Caroline Walker Artists Buttons
Button diameter 31mm
Set of Six in an edition of 30; Single button in an edition of 12
The button(s) have been hand sewn onto an A5 cards. Each card is numbered, dated and signed by the artist and presented in a bespoke box designed by A Practice for Everyday Life.
Please note purchases of Artists Buttons per customer must not exceed £8,500. Any order exceeding £8,500 will not be processed.
Dispatch and delivery time for the Artists Buttons may take up to four weeks, including for click and collect orders.
Porcelain button forms have become tiny canvases for Caroline Walker, who has individually painted each one to give the illusion of classic tortoiseshell buttons. Working in oil paint, she has created six variations that simulate the mottled appearance of horn. The four holes on each button are painted, with shadows suggesting the effect of light on the surface of these trompe l’oeil objects.
Walker is renowned for her paintings which illuminate the experience of women, revealing the diverse social, cultural and economic conditions which shape society. She focuses in on spaces and activities, both in the workplace and the home, which are rarely depicted in contemporary art. The painterly skill of her compositions places her in an art historical lineage stretching from the Dutch Golden Age to Manet and Degas and beyond.
Please note due to the handmade nature of this item, please expect some variation in colour, size and/or finish to those pictured.
About the Artists Buttons project
Ten leading artists, Ai Weiwei, Jonathan Anderson, Rana Begum, Edmund de Waal, Antony Gormley, Callum Innes, Jennifer Lee, Cornelia Parker, Vicken Parsons & Caroline Walker, have been creating limited edition sets of buttons in support of Kettle’s Yard.

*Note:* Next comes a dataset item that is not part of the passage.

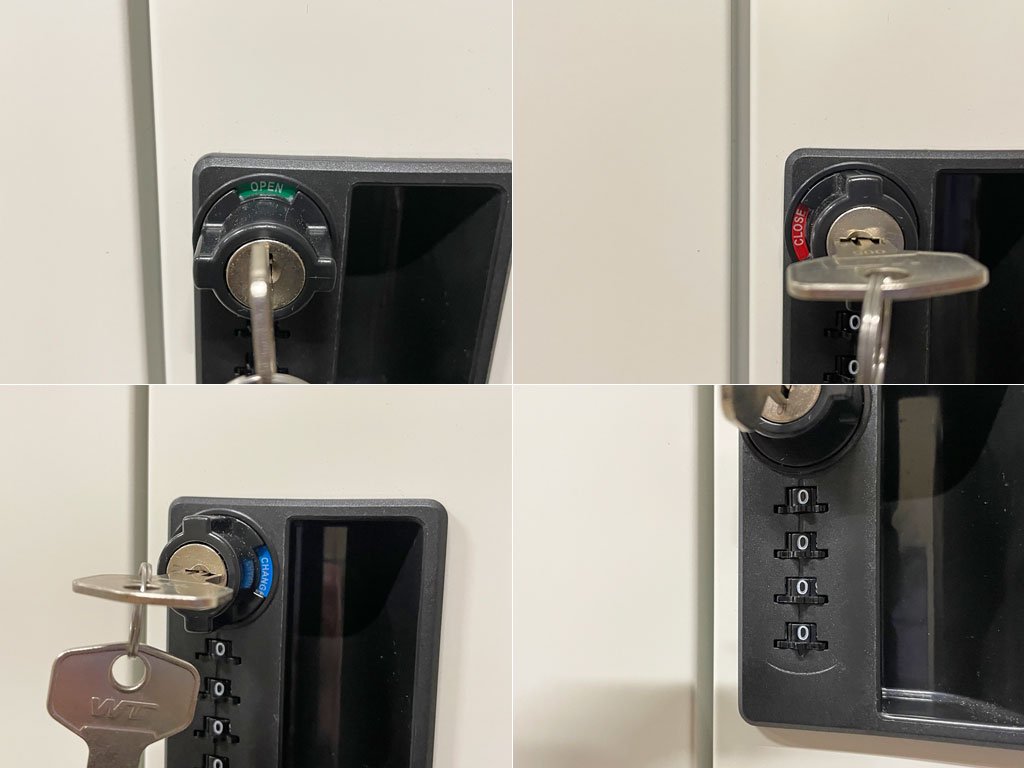 エムテックス スチールパーソナルロッカー Steel Personal Locker 2個セット 8人用 シリンダー錠式+ダイヤルロック付 ホワイト 日本製 A 〓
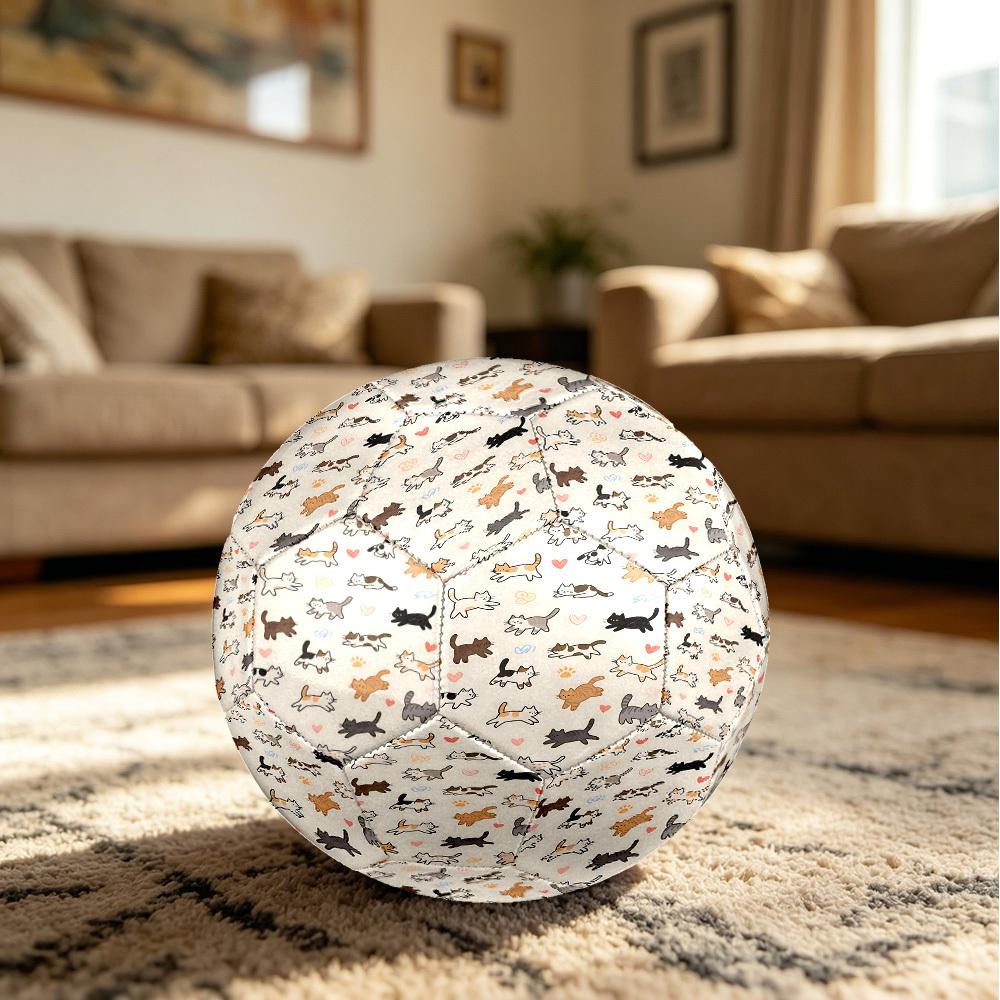 1pc Cats Cream Background Size 5 Soccer Ball Professional Match Training Football Indoor &Outdoor Sports Ball Lightweight Durable C6519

The project draws inspiration from the exhibition, ‘Lucie Rie: The Adventure of Pottery’, recently at Kettle’s Yard and from 14 July 2023 – 7 January 2024 at the Holburne Museum in Bath. In 1938, Lucie Rie fled her home in Vienna for London to escape the Nazi persecution of Jewish people. During the war, unable to get a licence to make pots, Rie turned to making ceramic buttons for the fashion industry, experimenting on a miniature scale with new forms and coloured glazes.